My little bro has given me a bunch of stuff to sell for him and split the cash, he is after an Xbox one so is saving,



He has-



15 mk 3 armour marines

15 mk 4 armour marines

10 Phobos bolter

10 umbra bolter.



They are all unused and pretty much untouched bar one or two clipped off the frame and had flash removed.



They are genuine, unfortunately I have no way to prove that as he says he "may" have one or two of the bags they came in but they are at home, he is at Uni!



However, check my feedback and my eBay feedback I can link you, I have neither the knowledge nor time to recast stuff and you can see I have never sold any FW in the past!
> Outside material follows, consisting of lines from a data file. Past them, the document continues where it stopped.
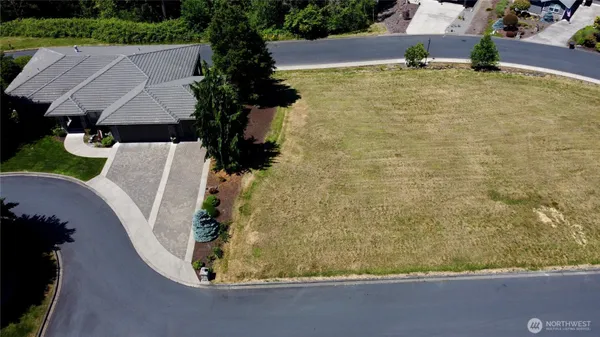 an aerial view of a house with a yard and lake view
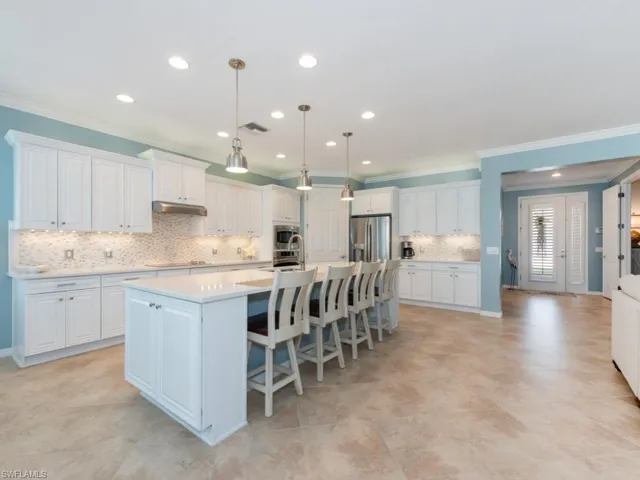 Kitchen with an island with sink, white cabinetry, and stainless steel fridge with ice dispenser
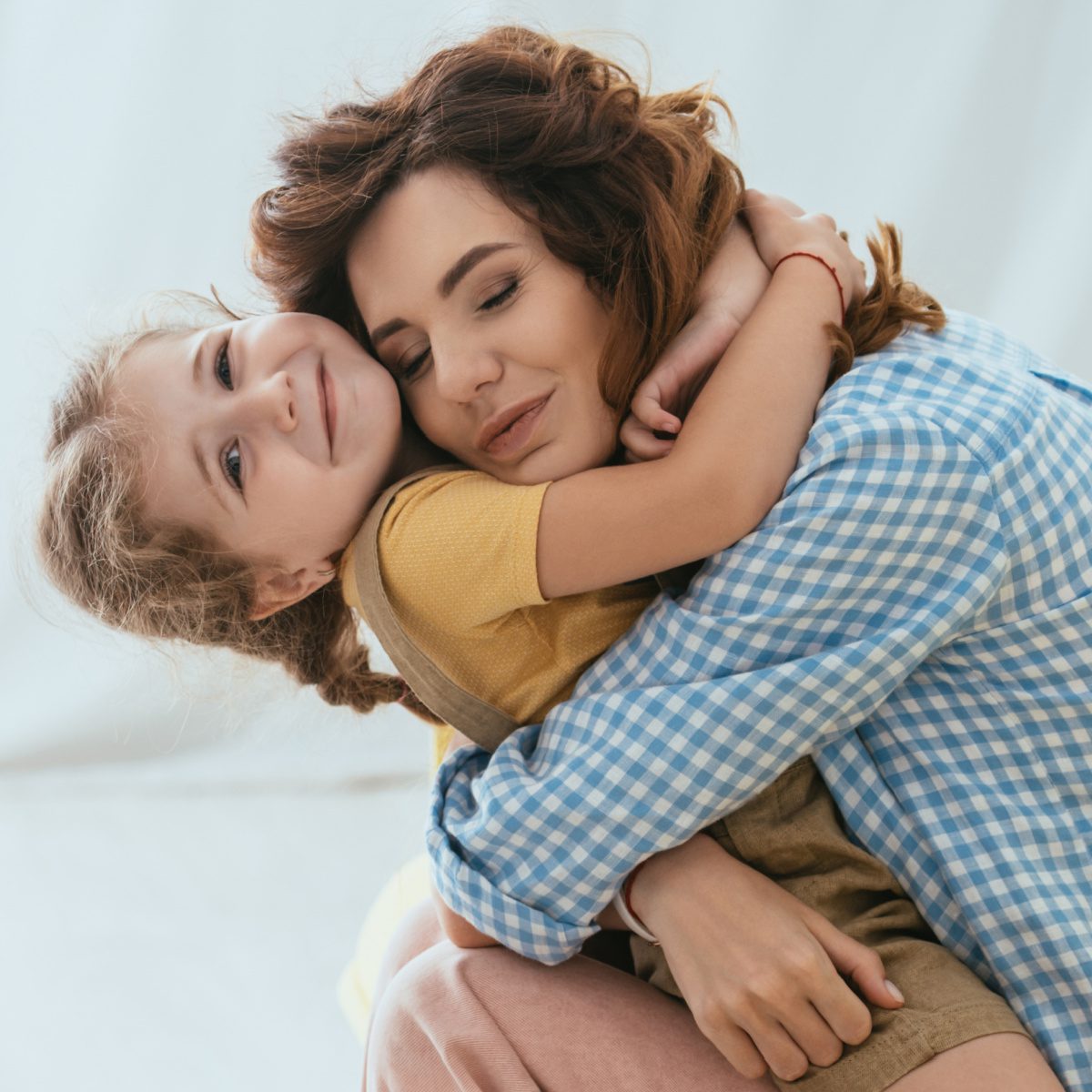 Family Law a mother and daughter hugging after meeting with a Fort Wayne protective order lawyer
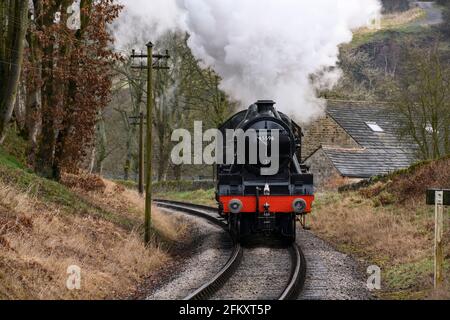 Historic steam train (loco) coming round bend in track, puffing smoke clouds travelling on scenic rural heritage railway - KWVR, Yorkshire England UK. Stock Photo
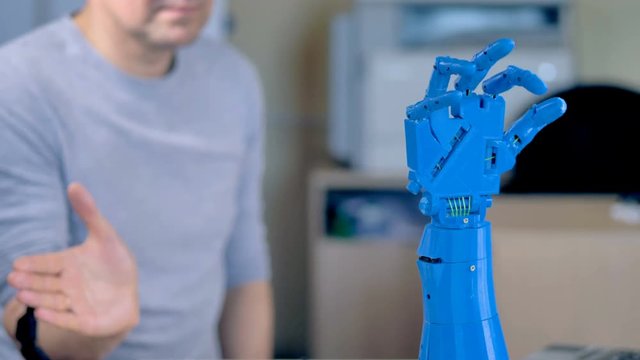 An engineer teaches a bionic arm to move.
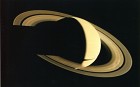 Voyager 1 looked back at Saturn on Nov. 16, 1980, four days after the spacecraft flew past the planet, to observe the appearance of Saturn and its rings from this unique perspective. A few of the spokelike ring features discovered by Voyager appear in the rings as bright patches in this image, taken at a distance of 5.3 million kilometers (3.3 million miles) from the planet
Make me offers, I will post oversea but shipping will be recorded and cost more. I am looking in the region of at least 2/3 RRP whatever that is.



Mike


----------



## Deus Mortis (Jun 20, 2009)

Hey man, do you have any pictures of said models, just so I can have a look?

And a link to your eBay would be appreciated


----------



## bitsandkits (Mar 18, 2008)

are they the standard mk3 and 4 or the legion versions?


----------



## Chaplain-Grimaldus (Aug 4, 2013)

I can get pics as soon as I see him. May be next week though, I will pm you my eBay tonight after work Mortis.

They are the standard variant not legion


----------



## Chaplain-Grimaldus (Aug 4, 2013)

Sorry guys. ALL SOLD.(pending payment. If he does not pay I will bump and post it)


----------